The forecasts for the world and the UK economy reported in this Review are produced using the National Institute's global econometric model, NiGEM. NiGEM has been in use at NIESR for forecasting and policy analysis since 1987, and is also used by a group of more than 40 model subscribers, mainly in the policy community. Most countries in the OECD are modelled separately,Footnote 1 and there are also separate models of China, India, Russia, Brazil, Hong Kong, Taiwan, Indonesia, Singapore, Vietnam, South Africa, Latvia, Lithuania, Romania and Bulgaria. The rest of the world is modelled through regional blocks so that the model is global in scope. All models contain the determinants of domestic demand, export and import volumes, prices, current accounts and net assets. Output is tied down in the long run by factor inputs and technical progress interacting through production functions, but is driven by demand in the short to medium term. Economies are linked through trade, competitiveness and financial markets and are fully simultaneous. Further details on NiGEM are available on http://nimodel.niesr.ac.uk/.
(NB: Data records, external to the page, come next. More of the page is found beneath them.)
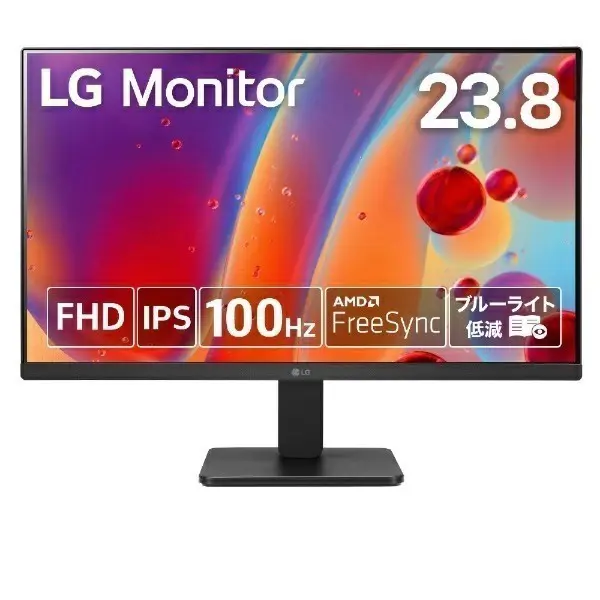 Monitor LG 23.8" 24MR400-B, IPS, AMD FreeSync 100Hz, VGA, HDMI, Full HD - Slika 1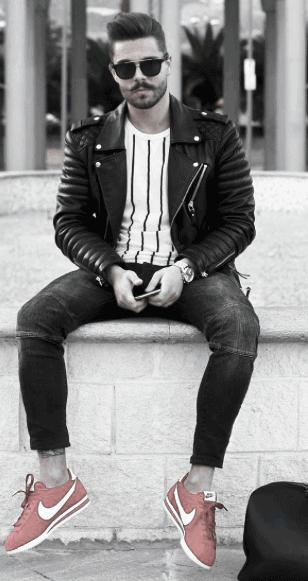 How To Wear A Leather Jacket Mens Leather Jacket Fashionable Ideas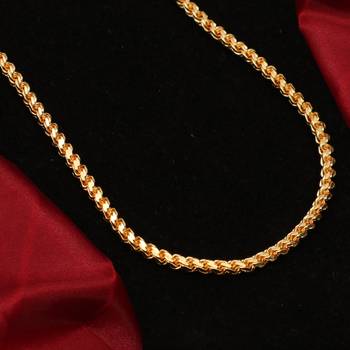 Gold plated plain necklaces 3
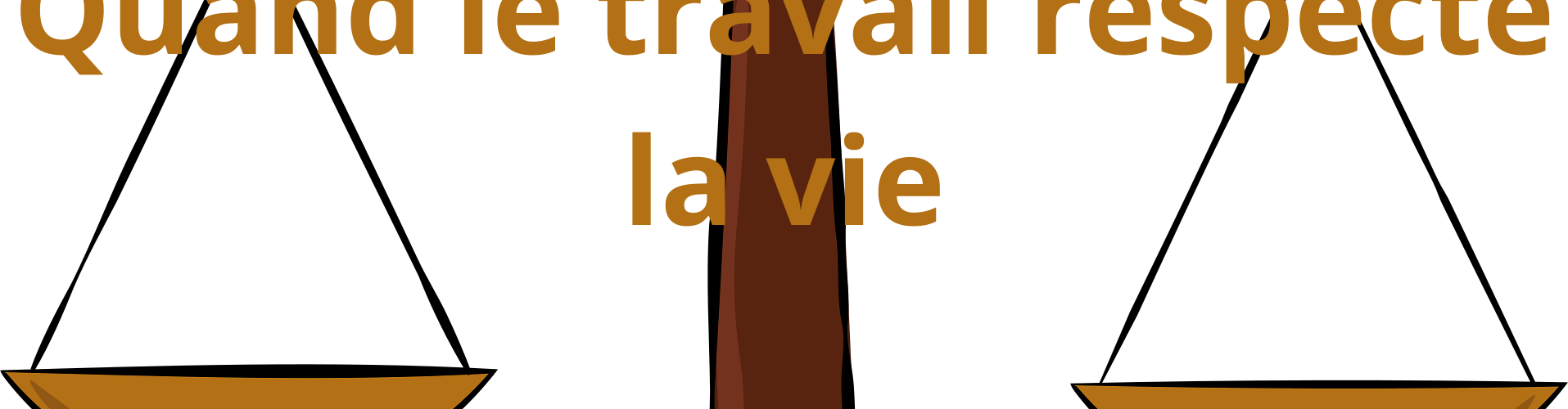 Une balance qui est en équilibre qui représente la vie vie privée et professionnelle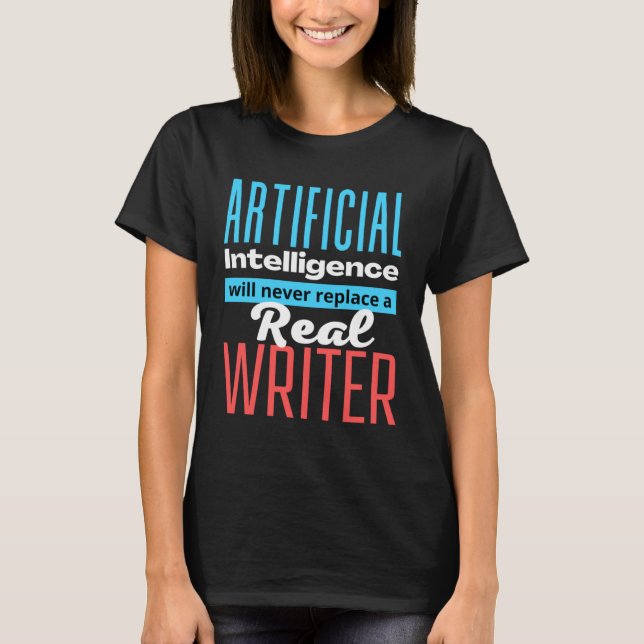 Camiseta Defending the Work of a Writer  AI (Frente)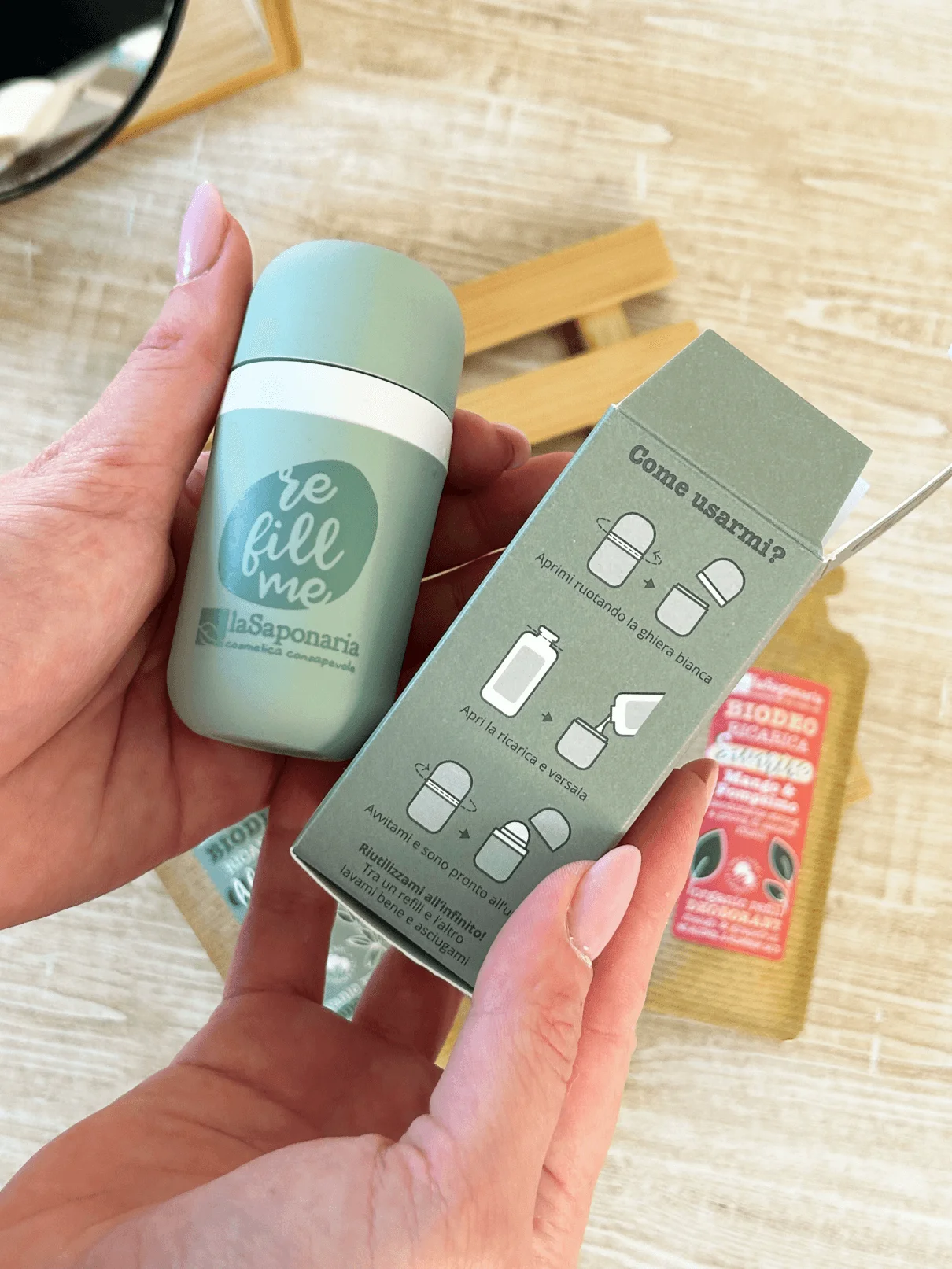 laSaponaria Aplicador para desodorizante roll-on - recarregável - solução sustentável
The key interest rate and exchange rate assumptions underlying our current forecast are shown in tables A1A2. Our short-term interest rate assumptions are generally based on current financial market expectations, as implied by the rates of return on treasury bills and government bonds of different maturities. Long-term interest rate assumptions are consistent with forward estimates of short-term interest rates, allowing for a country-specific term premium. Where term premia do exist, we assume they gradually diminish over time, such that long-term interest rates in the long run are simply the forward convolution of short-term interest rates. Policy rates in major advanced economies are expected to remain at extremely low levels, at least throughout 2016.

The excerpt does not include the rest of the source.